---------- Raw data ----------

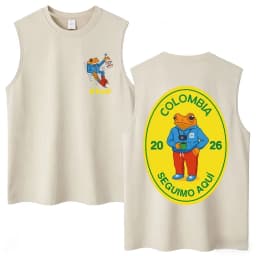 Washed Rapper Bad Bunny Tank Tops Debi Tirar Mas Fotos DTMF World Tour Aesthetic Vests Men Women Hip Hop Cotton Sleeveless Tees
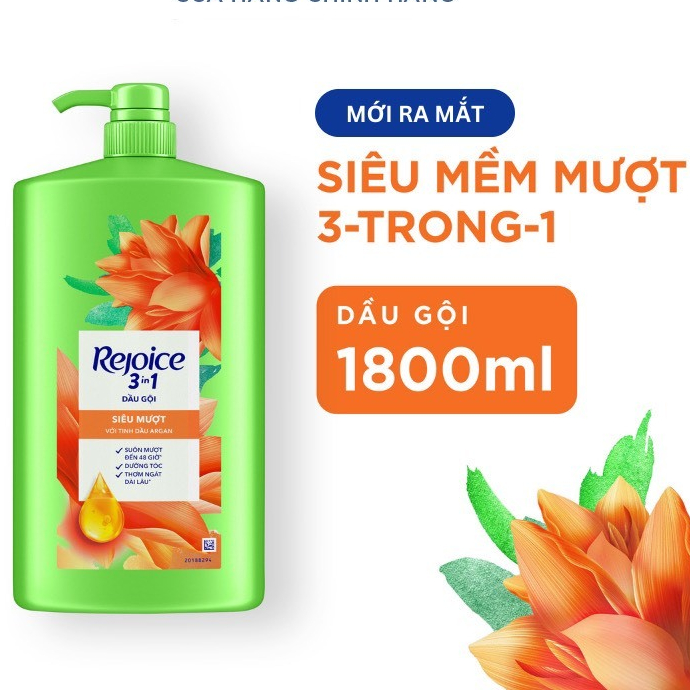 Rejoice Dầu Gội 1.8L/1.75L Siêu Mềm Mượt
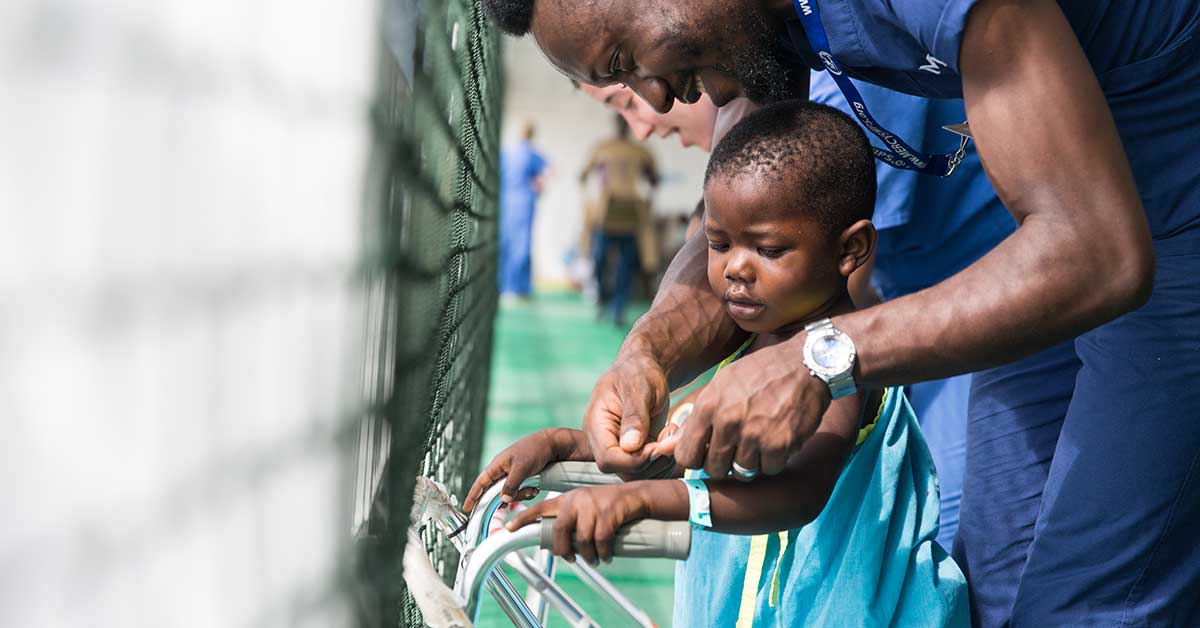 Young child patient with doctor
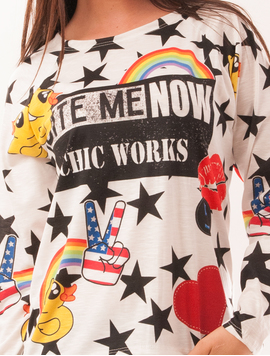 Bluza Dama Bite Me Now Alba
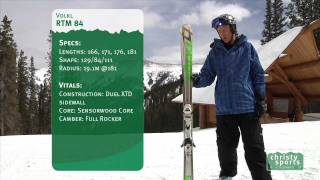 20112012 Volkl RTM 84 Ski Review  Christy Sports [upl. by Otrebron]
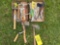 assorted hand tools - hatchets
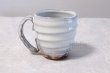 Photo3: Hagi yaki ware Japanese pottery mug coffee cup gin white glaze keiichiro 350ml (3)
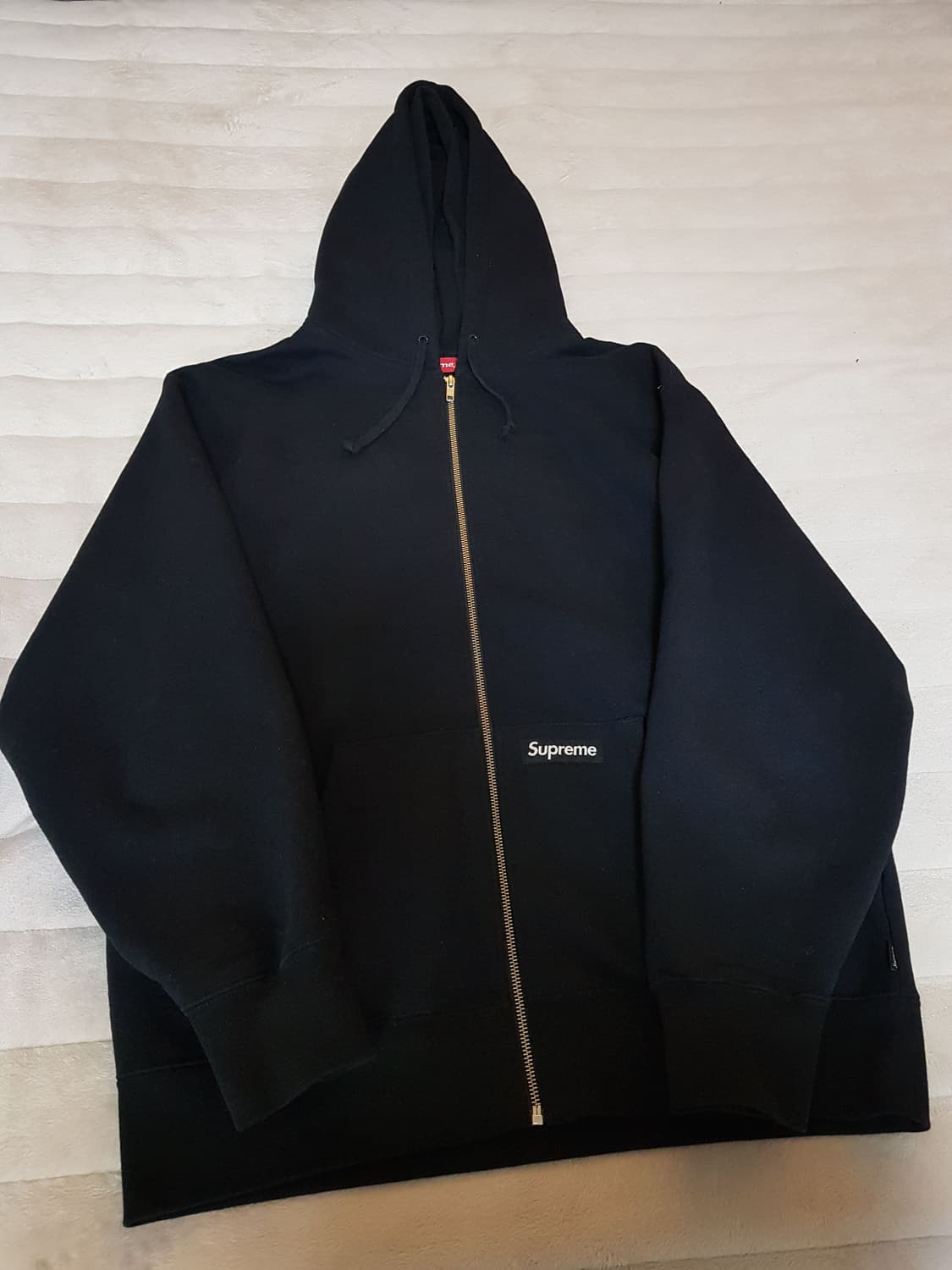 슈프림 더블 후드 페이스마스크 후드 집업 티셔츠 블랙 22FW 상품이미지1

----------

▸ Work to complete: Nothing but the lines from the one holding "assorted hand tools - hatchets" through the final line of the records above belongs in the answer, each retyped exactly; omit the pictures.

▸ Exercise solution:
 assorted hand tools - hatchets
 Photo3: Hagi yaki ware Japanese pottery mug coffee cup gin white glaze keiichiro 350ml (3)
 슈프림 더블 후드 페이스마스크 후드 집업 티셔츠 블랙 22FW 상품이미지1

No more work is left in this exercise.